╭─ RECORDS SUPPLIED
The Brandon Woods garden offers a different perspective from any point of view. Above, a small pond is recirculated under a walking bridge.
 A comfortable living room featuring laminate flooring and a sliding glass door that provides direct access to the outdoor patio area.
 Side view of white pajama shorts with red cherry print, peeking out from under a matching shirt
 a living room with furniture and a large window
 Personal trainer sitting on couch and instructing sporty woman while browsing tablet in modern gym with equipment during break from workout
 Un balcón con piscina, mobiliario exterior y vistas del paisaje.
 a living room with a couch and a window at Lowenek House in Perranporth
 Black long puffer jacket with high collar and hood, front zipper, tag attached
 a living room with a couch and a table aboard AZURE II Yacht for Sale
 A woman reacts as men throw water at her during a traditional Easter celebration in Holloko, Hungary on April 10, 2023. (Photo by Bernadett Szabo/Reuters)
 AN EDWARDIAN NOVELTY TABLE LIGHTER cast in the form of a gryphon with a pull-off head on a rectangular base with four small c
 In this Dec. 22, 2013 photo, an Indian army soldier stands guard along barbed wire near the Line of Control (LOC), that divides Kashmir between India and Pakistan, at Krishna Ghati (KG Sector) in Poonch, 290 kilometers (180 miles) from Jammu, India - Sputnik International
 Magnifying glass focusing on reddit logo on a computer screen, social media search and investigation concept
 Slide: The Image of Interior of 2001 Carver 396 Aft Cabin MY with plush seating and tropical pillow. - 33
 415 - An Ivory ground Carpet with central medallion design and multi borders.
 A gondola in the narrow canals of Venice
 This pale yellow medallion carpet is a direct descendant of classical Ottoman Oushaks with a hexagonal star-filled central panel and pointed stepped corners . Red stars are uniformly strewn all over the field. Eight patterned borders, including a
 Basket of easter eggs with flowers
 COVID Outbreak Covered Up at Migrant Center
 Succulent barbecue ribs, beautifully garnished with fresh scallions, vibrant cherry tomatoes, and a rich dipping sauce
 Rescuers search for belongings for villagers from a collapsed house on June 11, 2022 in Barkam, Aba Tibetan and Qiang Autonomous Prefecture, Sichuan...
╰─
• [TASK DETAILS] Give all of the material again, exactly.

• [WRITTEN RESPONSE]
The Brandon Woods garden offers a different perspective from any point of view. Above, a small pond is recirculated under a walking bridge.
 A comfortable living room featuring laminate flooring and a sliding glass door that provides direct access to the outdoor patio area.
 Side view of white pajama shorts with red cherry print, peeking out from under a matching shirt
 a living room with furniture and a large window
 Personal trainer sitting on couch and instructing sporty woman while browsing tablet in modern gym with equipment during break from workout
 Un balcón con piscina, mobiliario exterior y vistas del paisaje.
 a living room with a couch and a window at Lowenek House in Perranporth
 Black long puffer jacket with high collar and hood, front zipper, tag attached
 a living room with a couch and a table aboard AZURE II Yacht for Sale
 A woman reacts as men throw water at her during a traditional Easter celebration in Holloko, Hungary on April 10, 2023. (Photo by Bernadett Szabo/Reuters)
 AN EDWARDIAN NOVELTY TABLE LIGHTER cast in the form of a gryphon with a pull-off head on a rectangular base with four small c
 In this Dec. 22, 2013 photo, an Indian army soldier stands guard along barbed wire near the Line of Control (LOC), that divides Kashmir between India and Pakistan, at Krishna Ghati (KG Sector) in Poonch, 290 kilometers (180 miles) from Jammu, India - Sputnik International
 Magnifying glass focusing on reddit logo on a computer screen, social media search and investigation concept
 Slide: The Image of Interior of 2001 Carver 396 Aft Cabin MY with plush seating and tropical pillow. - 33
 415 - An Ivory ground Carpet with central medallion design and multi borders.
 A gondola in the narrow canals of Venice
 This pale yellow medallion carpet is a direct descendant of classical Ottoman Oushaks with a hexagonal star-filled central panel and pointed stepped corners . Red stars are uniformly strewn all over the field. Eight patterned borders, including a
 Basket of easter eggs with flowers
 COVID Outbreak Covered Up at Migrant Center
 Succulent barbecue ribs, beautifully garnished with fresh scallions, vibrant cherry tomatoes, and a rich dipping sauce
 Rescuers search for belongings for villagers from a collapsed house on June 11, 2022 in Barkam, Aba Tibetan and Qiang Autonomous Prefecture, Sichuan...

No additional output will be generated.